With Canada’s major stock index posting its best year in more than a decade, it was the bullish forecasters who came out on top in 2019. Just not too bullish, David Milstead writes. To evaluate market mavens’ predictions, The Globe and Mail looked back at the Reuters poll of forecasts for the 234-stock S&P/TSX Composite Index for 2019. The broadest measure of Canadian stocks closed Tuesday at 17,063.43, up 19.1 per cent from its close at the end of 2018. Three firms just about nailed it: Manulife Investment Management, Fiera Capital and a small Toronto outfit called RKH Investments.

After a robust 2019, market forecasters are hesitant to predict another boom year for Canadian equities. The median forecast for the S&P/TSX Composite Index for the end of 2020 is 17,625, which would represent a gain of just more than 3 per cent, according to a survey of 26 market prognosticators conducted by Reuters. Here is a list of the forecasts.

Read more: Gordon Pape’s five fearless predictions for markets in 2020

These trends of the past decade made investors smarter and richer, and they can do the same in the 2020s

Investors have never had a better decade than the 2010s. Certainly, the U.S stock market did incredibly and Canada was solid. But the real gains were in investor empowerment, Rob Carrick writes. A decade of competition, innovation and regulation has brought lower costs, more choice and more transparency to individual investors. Here is a look at some of the highlights. They include the rise of robo-advisers, the debut of balanced ETFs and the burgeoning popularity of fee-for-service financial planning.

What investors need to know for the week ahead

In the week ahead, Canadian employment numbers for December will be released Friday.
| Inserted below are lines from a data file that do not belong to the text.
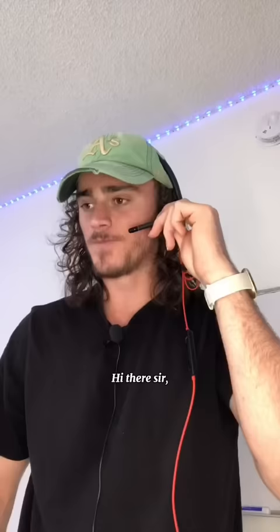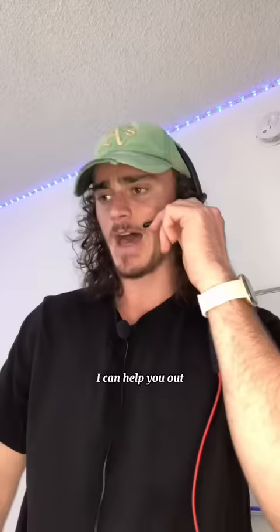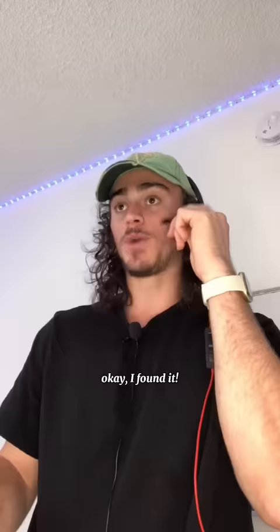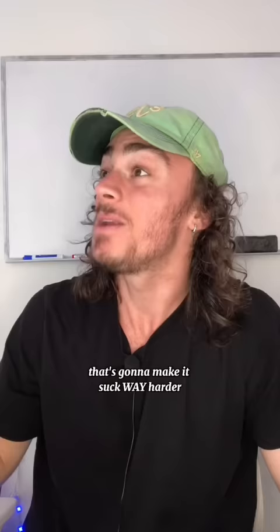Hi there, sir. This is Alex, the manager. So, you got your d*** caught in the vacuum. I can help you out, no problem. So, what you're gonna want to do is locate the red switch. Right under the red switch, there's gonna be a little hole. You're gonna need to get a pen or pencil and poke inside the hole. Okay, I found it. And after you've done that, you're gonna want to flip that red switch. That's gonna make it suck way harder.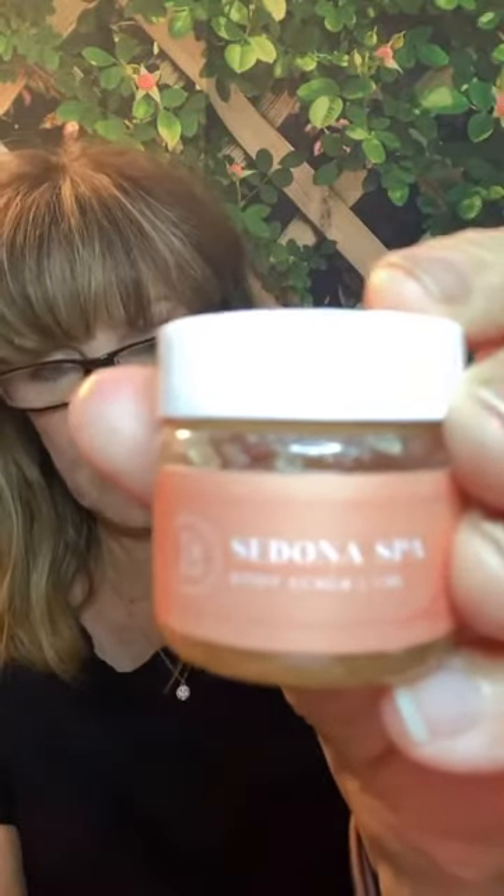Back to the differences — the Honey Glow Body Polish versus the Sedona Spa Scrub. The polish has a moisturizing blend of oils like jojoba and coconut oils; the scrub has pure essential oils. The Honey Glow has granulated sugar, which is a natural exfoliator and a natural humectant — it helps keep moisture in your skin. Sugar is a great natural humectant.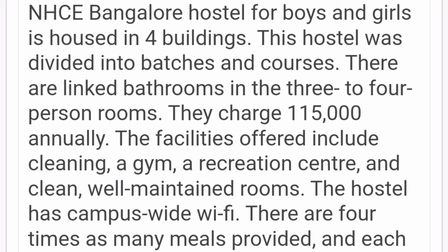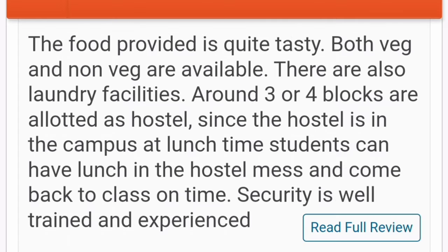Regarding cuisine type, they provide both veg as well as non-veg options. Since the hostel is on the campus, students can also have their lunch at the hostel during lunchtime. That covers all the overall details about the campus facilities and the hostels.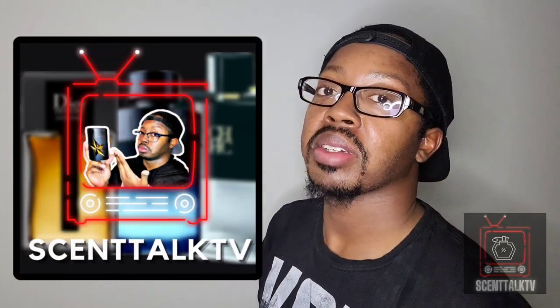What's up everybody, it's your boy Trayvon here with Scent Talk TV, and today we're going to be doing a full review on two fragrances — two hidden gems from the House of Fakanabo.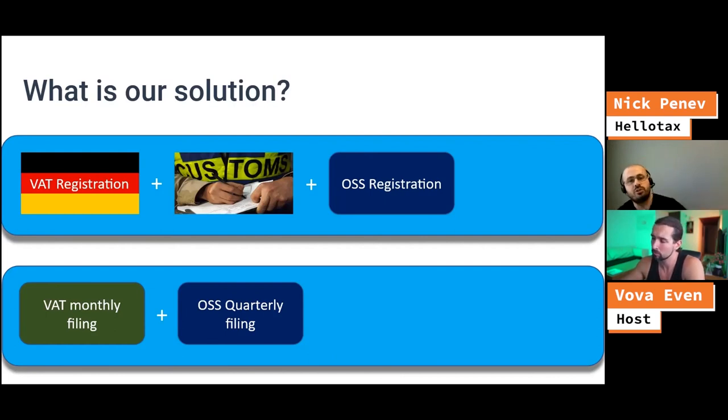You can deliver everywhere. Eventually, if you see that France, Italy, Spain, Netherlands, or other markets are generating great sales, then you can establish storage in that market and set up a VAT there. But the one-stop shop is a great way to establish yourself in one market and start selling and doing business across Europe without the need to do multiple registrations.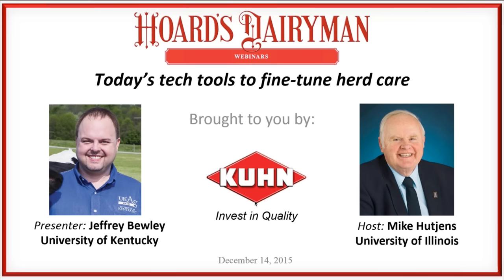It's the noon whistle here at Fort Atkinson, Wisconsin. It's time for me to say this is Steve Larson with Hoard's Dairyman Magazine. We welcome all of you to our December webinar.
Other economic data on tap include Canada’s merchandise trade deficit and the U.S. goods and services trade deficit for November, plus U.S. factory orders for that month (Tuesday); U.S. consumer credit figures for November (Wednesday); Canadian housing starts for December and building permits for November, as well as U.S. real GDP for the third quarter (Thursday); U.S. wholesale inventories for November (Friday). Companies releasing their latest financial results include EXFO, Aphria, Constellation Brands, Corus Entertainment and Walgreens Boots Alliance.